Monday, June 04, 2007

(This is a modification of something I originally wrote in reply to a teenaged girl. Obvious?)

I know school has taught you that learning is totally uncool, but surely there's something you're interested in. Go memorise the details of every Yu-Gi-Oh! card or whatever.

No?

Fine, you're bored. There's nothing you can do about that. May as well learn French. You're bored whether you do or not, and if you learn French, you can go tell your parents 'Look, I taught myself French. I'm all grown up now so you should let me go to Paris. By myself.'

They'll say 'No, you're too young to go to France by yourself. Here's two tickets. Take your best friend Jill with you.'

So you take your two tickets and your best friend Jessica, and fly to Paris, where you meet enough hot French boys to keep you busy all Summer. Then, while you're there, you meet Johnny Depp, and he's really, really impressed that you're bilingual, so he marries you and you live happily ever after with the sexiest man alive. (Jill ran off with Orlando Bloom.)

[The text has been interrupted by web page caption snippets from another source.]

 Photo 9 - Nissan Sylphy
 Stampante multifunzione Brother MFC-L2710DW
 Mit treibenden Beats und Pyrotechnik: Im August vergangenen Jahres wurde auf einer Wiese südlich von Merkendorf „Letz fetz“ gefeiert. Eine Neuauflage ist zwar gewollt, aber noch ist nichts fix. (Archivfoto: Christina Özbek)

What? You think it's awful that I'm telling you how to run your life? Maybe it is. But who cares? Are you going to give up a happily ever after with Johnny Depp just to spite some random jerk on the Internet? Or are you going to marry that sexy pirate captain-playing actor and become the envy of every creep on the Internet who is still stuck monolingually telling random people online how to live their lives?

Saturday, June 02, 2007

In mid-to-late May the local schools began revising their 'uniform' (dress code, really) policy. Naturally, this means people began complaining about how stupid it is again. That's fine. It is stupid.

But they're complaining 'I just bought my kids' new clothes for next year and now they're changing the dress code!' 'I need to go shopping for my kids new school clothes and don't know what kind of pants they'll need!'

These people somehow feel the need to buy their kids' Fall wardrobe in May?!?! How the hell does that work?

Friday, June 01, 2007

Read a book, watch LazyTown, write a story, program, go for a midnight run, chat, study something unrelated to school, dance, draw, reorganize the furniture, write on the walls, learn a new language, comment on random blogs, call up your Senator at midnight and tell him to outlaw telemarketing, build a cinderblock pyramid in your driveway, write a letter to your grandparents, proofread a text on Gutenberg, memorize more digits of pi, play patience, play the drums, browse eBay, back up your hard drive, finish your homework, improve Wikipedia, dissect your computer, read Nietzsche, disassemble the cinderblock pyramid that's now blocking your driveway, hop around in circles, practice spotting so you don't get dizzy next time you hop around in circles, send me money, play with your cat, read Slashdot, look at the constellations, bugtest Firefox, play chess on the computer, write a paper so you'll have one ready next time your teacher assigns one, learn to juggle, hunt down other cool things to do, meditate, clean your room, catalogue an obscure source of data and put it online, do push-ups, write posts for your blog so you'll have some ready the next time you get writer's block, do your taxes ahead of time, practice backflips. Congratulations: it's morning.

Wednesday, May 30, 2007

I don't understand people. They're stupid. This, I don't get.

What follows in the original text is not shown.